+++ Material provided +++

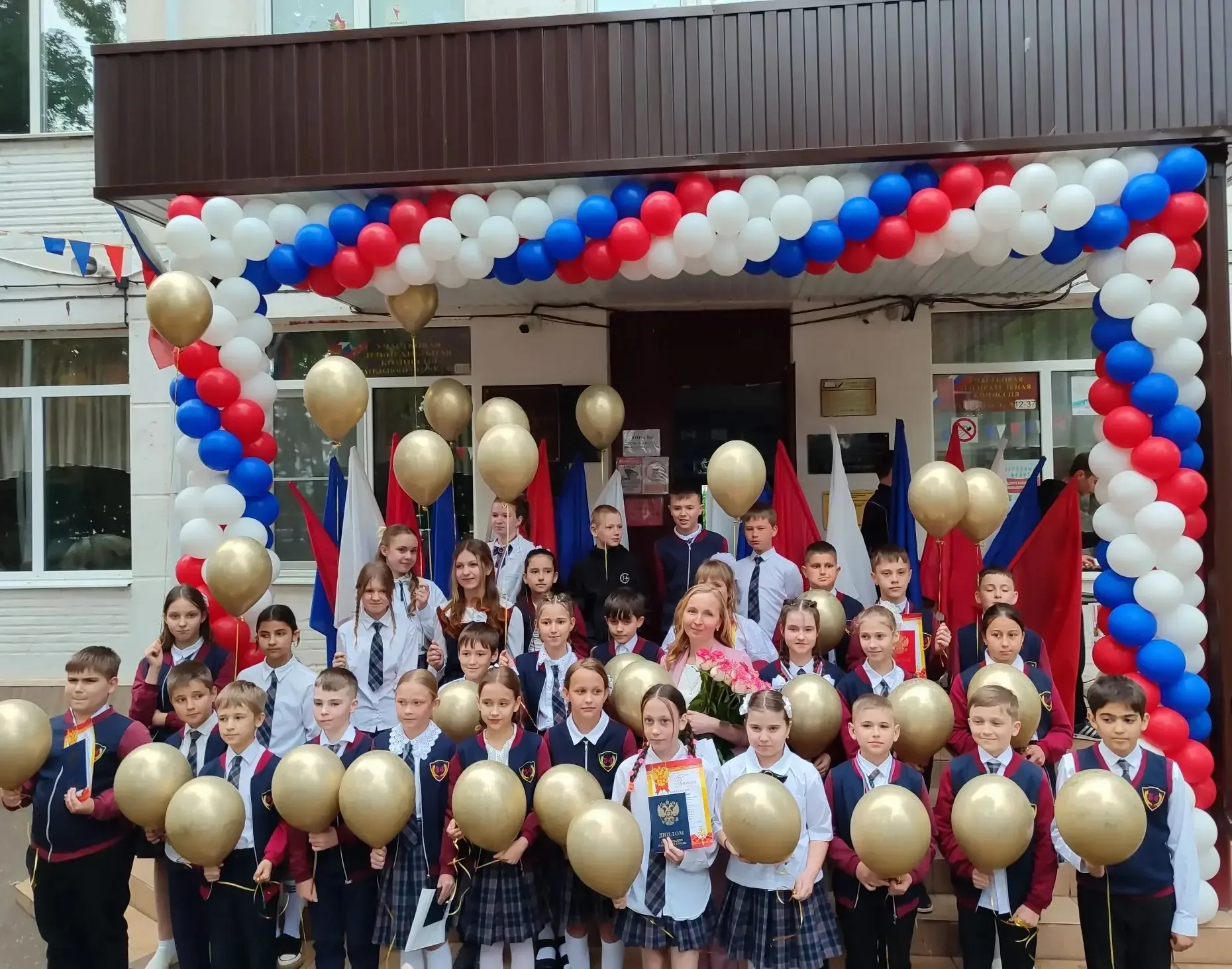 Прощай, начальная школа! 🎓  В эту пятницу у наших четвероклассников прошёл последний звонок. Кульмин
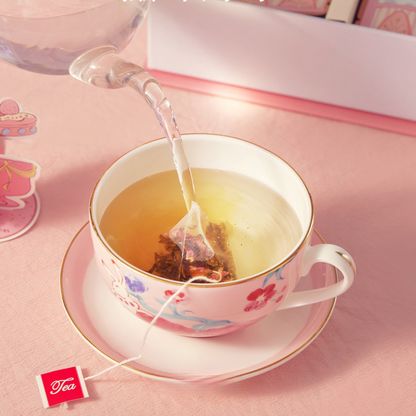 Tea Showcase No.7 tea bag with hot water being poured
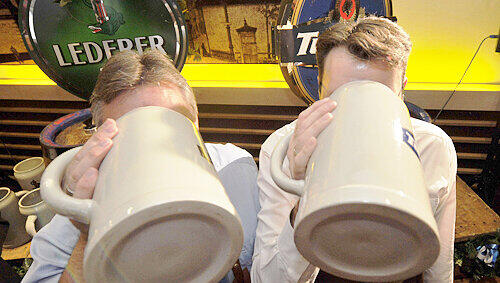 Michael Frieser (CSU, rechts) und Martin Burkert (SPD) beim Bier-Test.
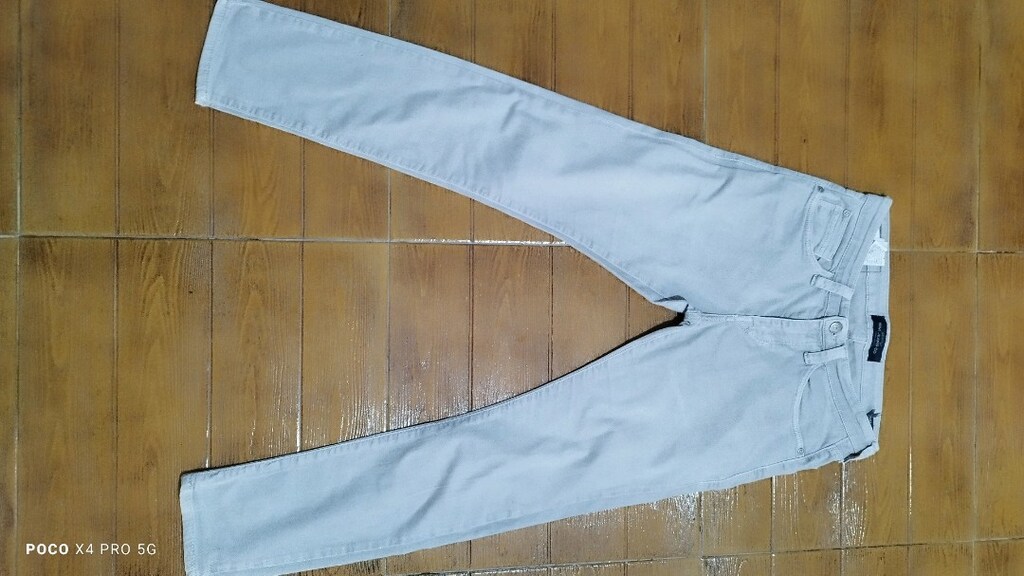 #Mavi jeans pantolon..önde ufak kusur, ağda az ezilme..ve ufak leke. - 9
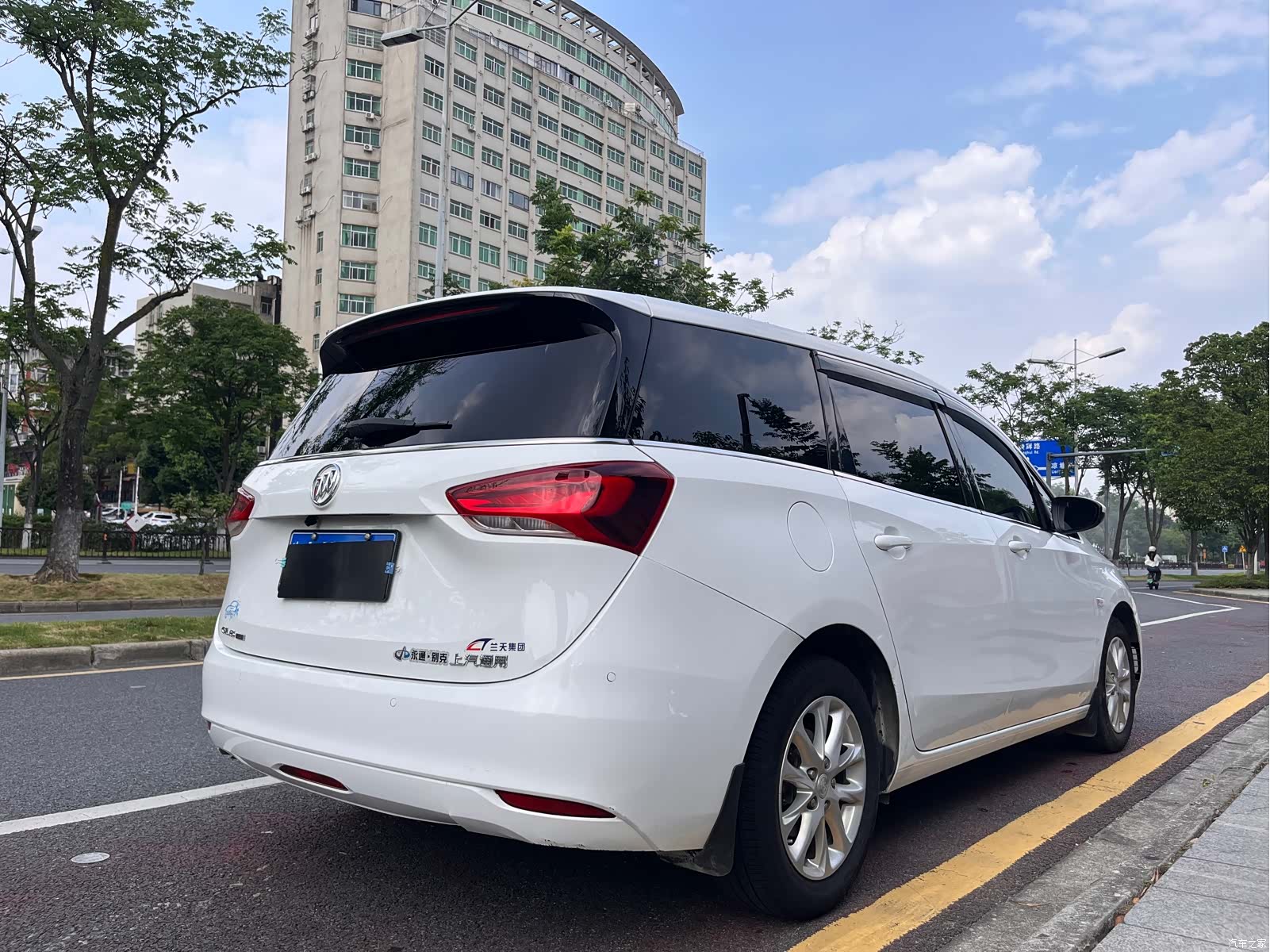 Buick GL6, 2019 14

+++
+++ Material provided +++

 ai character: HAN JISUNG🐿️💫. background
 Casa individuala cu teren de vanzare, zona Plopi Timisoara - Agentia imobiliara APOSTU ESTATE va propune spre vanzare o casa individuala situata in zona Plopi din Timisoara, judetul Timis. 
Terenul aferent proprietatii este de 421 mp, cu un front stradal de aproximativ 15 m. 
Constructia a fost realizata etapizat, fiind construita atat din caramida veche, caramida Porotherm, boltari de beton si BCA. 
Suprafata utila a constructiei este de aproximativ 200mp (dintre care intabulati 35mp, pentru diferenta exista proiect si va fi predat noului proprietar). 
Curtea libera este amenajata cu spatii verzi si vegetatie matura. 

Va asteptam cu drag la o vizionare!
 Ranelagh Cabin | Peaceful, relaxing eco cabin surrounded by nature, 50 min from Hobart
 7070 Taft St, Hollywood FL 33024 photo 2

+++

**Activity**
For each line of the entries that contains the word "este", make a copy.

**Written solution**
Terenul aferent proprietatii este de 421 mp, cu un front stradal de aproximativ 15 m. 
Suprafata utila a constructiei este de aproximativ 200mp (dintre care intabulati 35mp, pentru diferenta exista proiect si va fi predat noului proprietar). 
Curtea libera este amenajata cu spatii verzi si vegetatie matura. 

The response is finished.